**Activity:** Up to and including the line that holds "169 1804 70 St, Edmonton, AB - Indoor", copy every line of the records below exactly, starting at the first; leave pictures out.

╭─ Available data

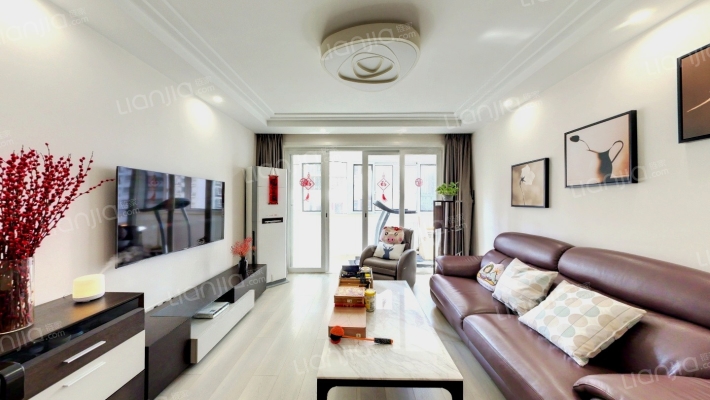 日高公寓二手房实景图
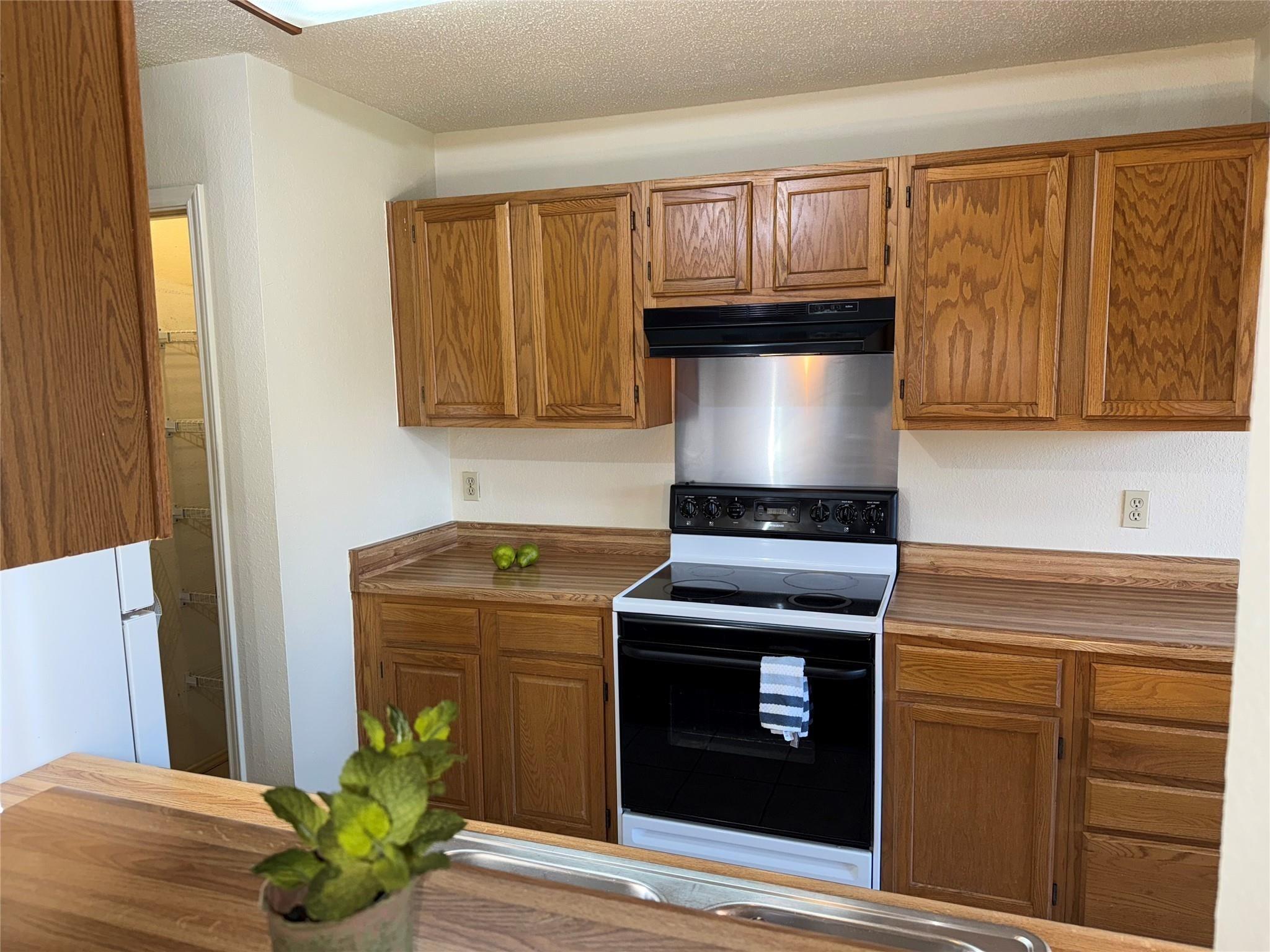 6109 Parkwood Dr # A, Austin, TX 78735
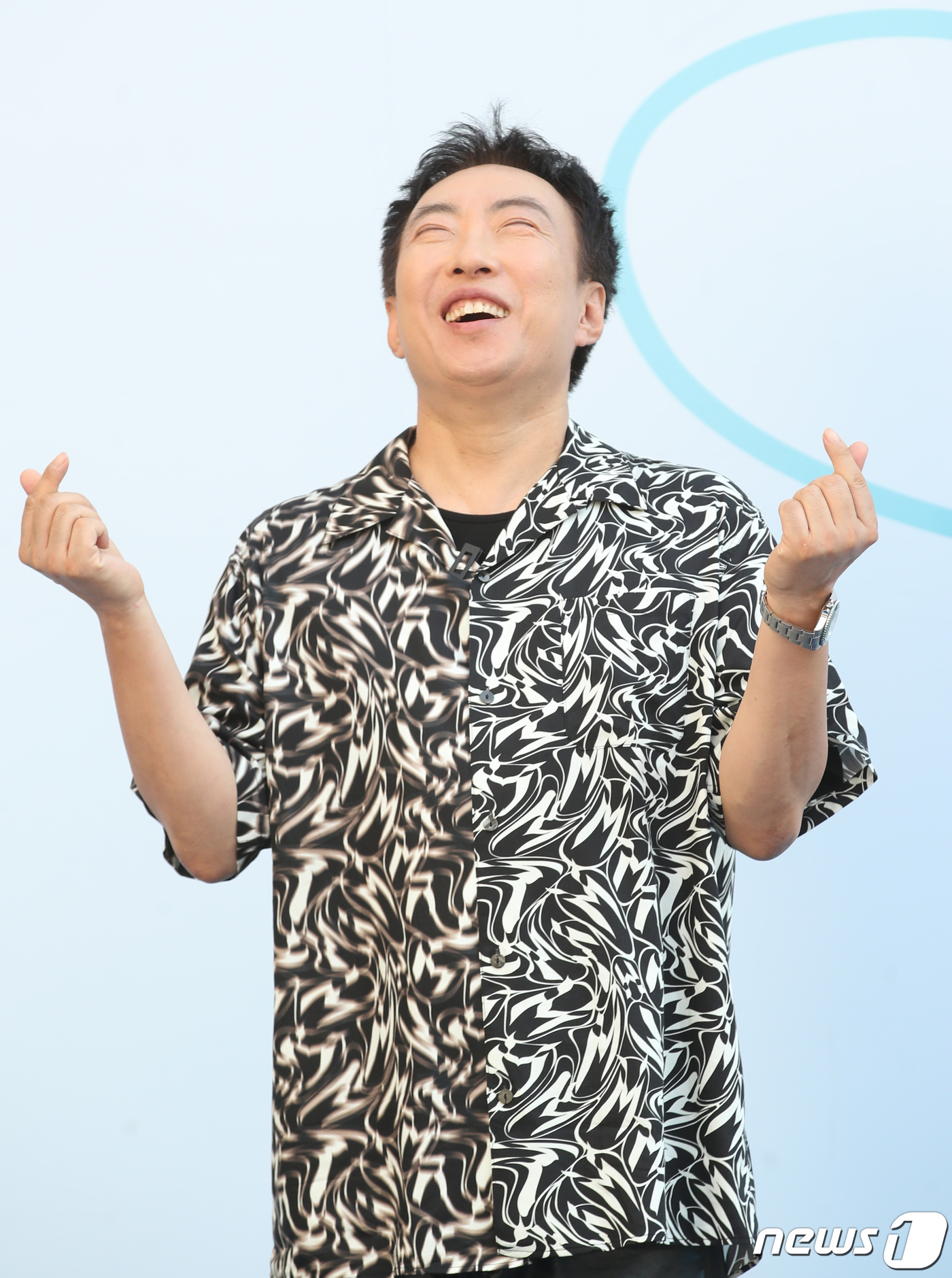 (서울=뉴스1) 권현진 기자 = 방송인 박명수가 8일 서울 중구 동대문 DDP에서 열린 ‘2024 S/S 서울패션위크’에 참석해 인사를 하고 있다. 2023.9.8/뉴스1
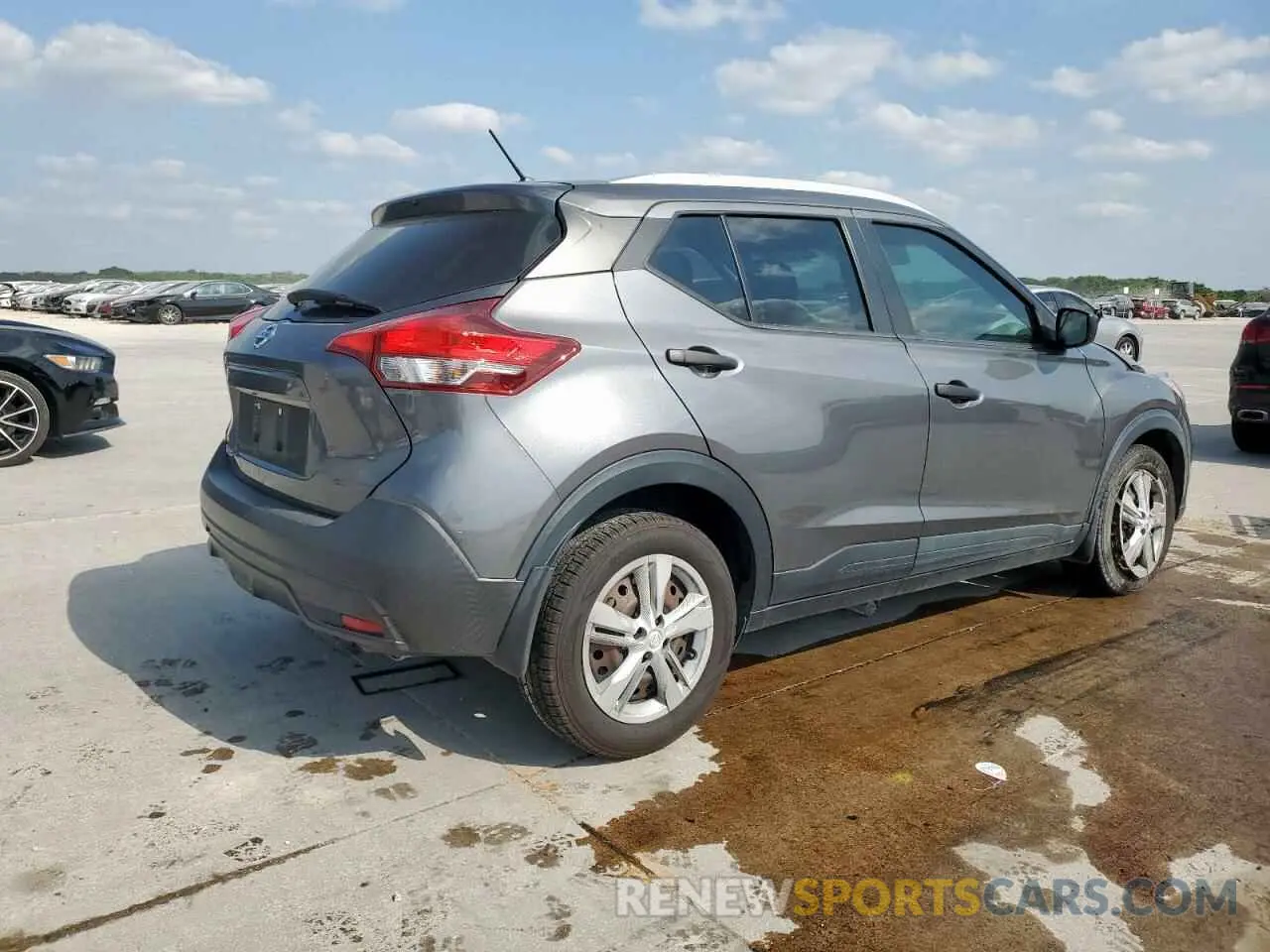 3 Photograph of a damaged car 3N1CP5CU5KL565860 NISSAN KICKS 2019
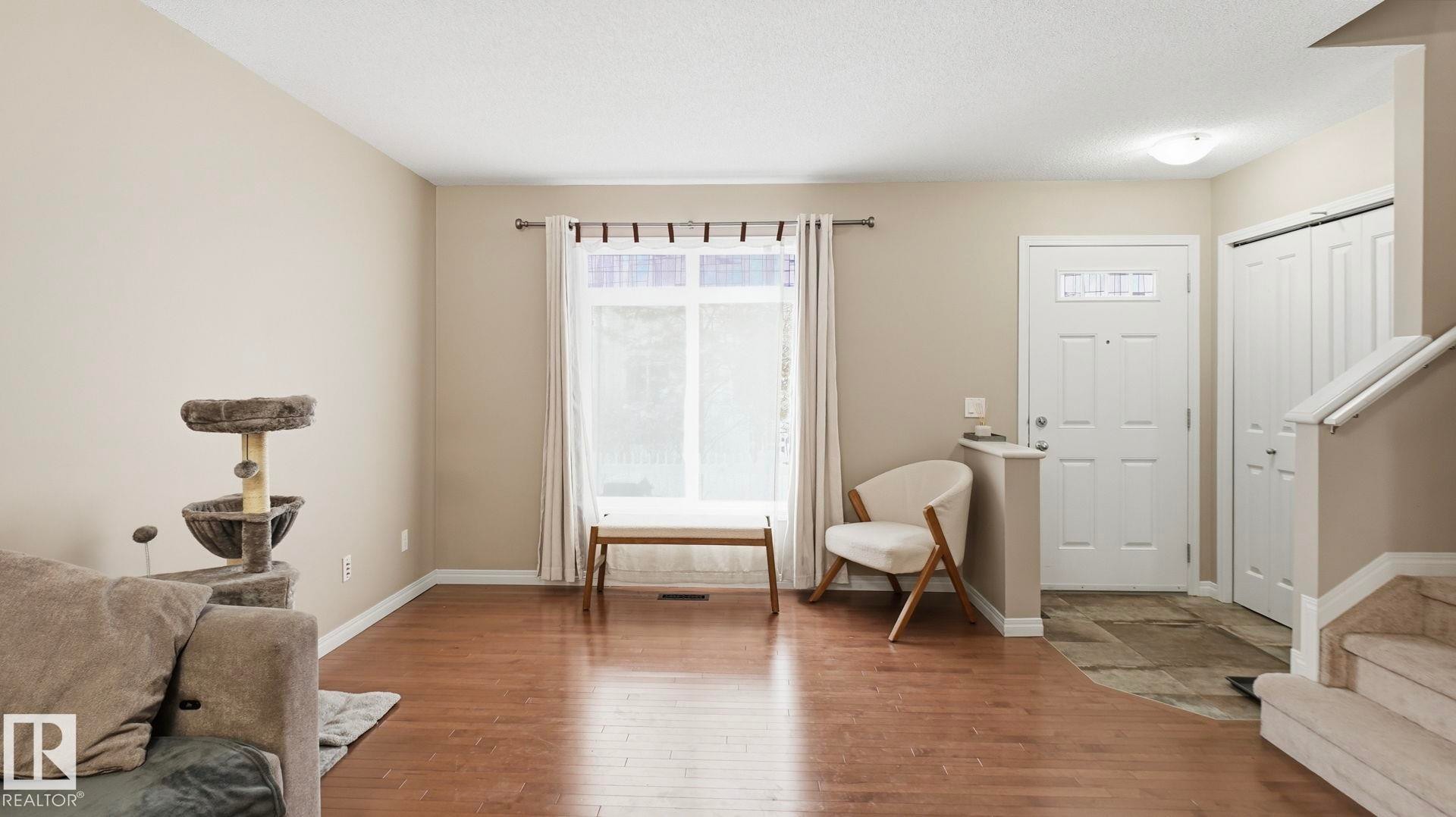 169 1804 70 St, Edmonton, AB - Indoor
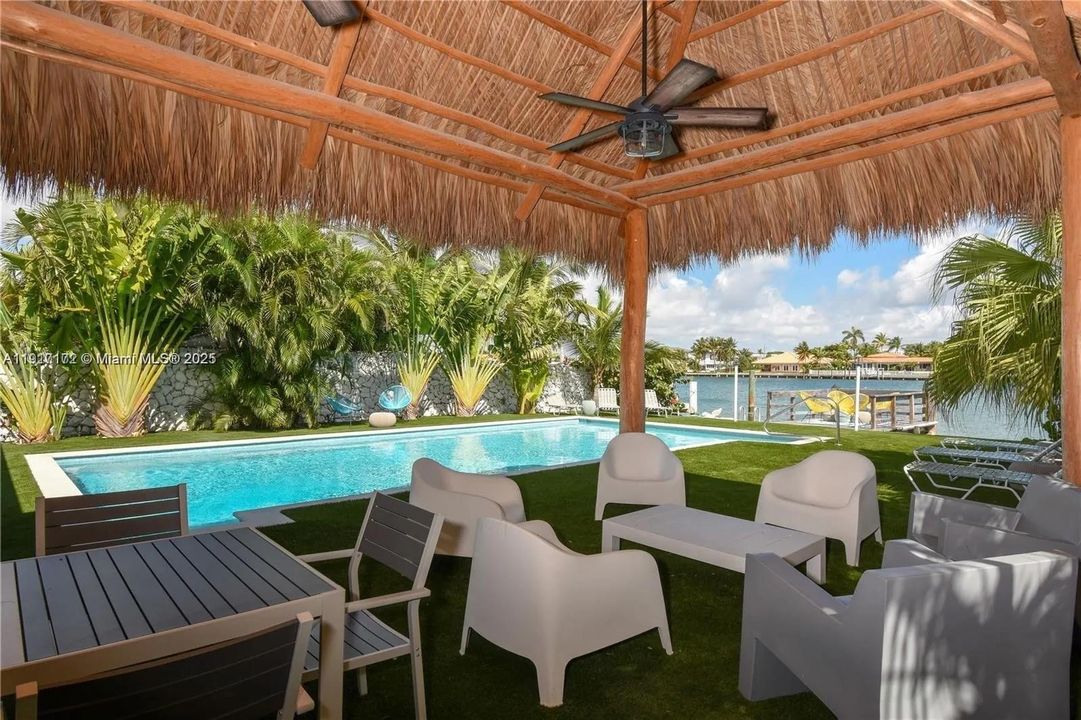 For Rent: $10,000 (3 beds, 3 baths, 2182 Square Feet)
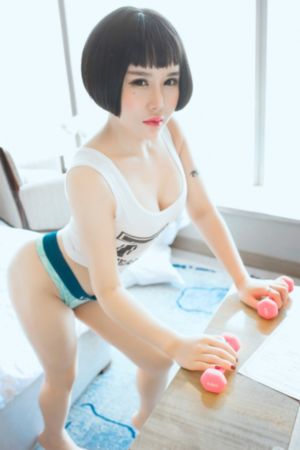出租屋偷窥隔壁小两口过在线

╰─

**Reply to the exercise:**
 日高公寓二手房实景图
 6109 Parkwood Dr # A, Austin, TX 78735
 (서울=뉴스1) 권현진 기자 = 방송인 박명수가 8일 서울 중구 동대문 DDP에서 열린 ‘2024 S/S 서울패션위크’에 참석해 인사를 하고 있다. 2023.9.8/뉴스1
 3 Photograph of a damaged car 3N1CP5CU5KL565860 NISSAN KICKS 2019
 169 1804 70 St, Edmonton, AB - Indoor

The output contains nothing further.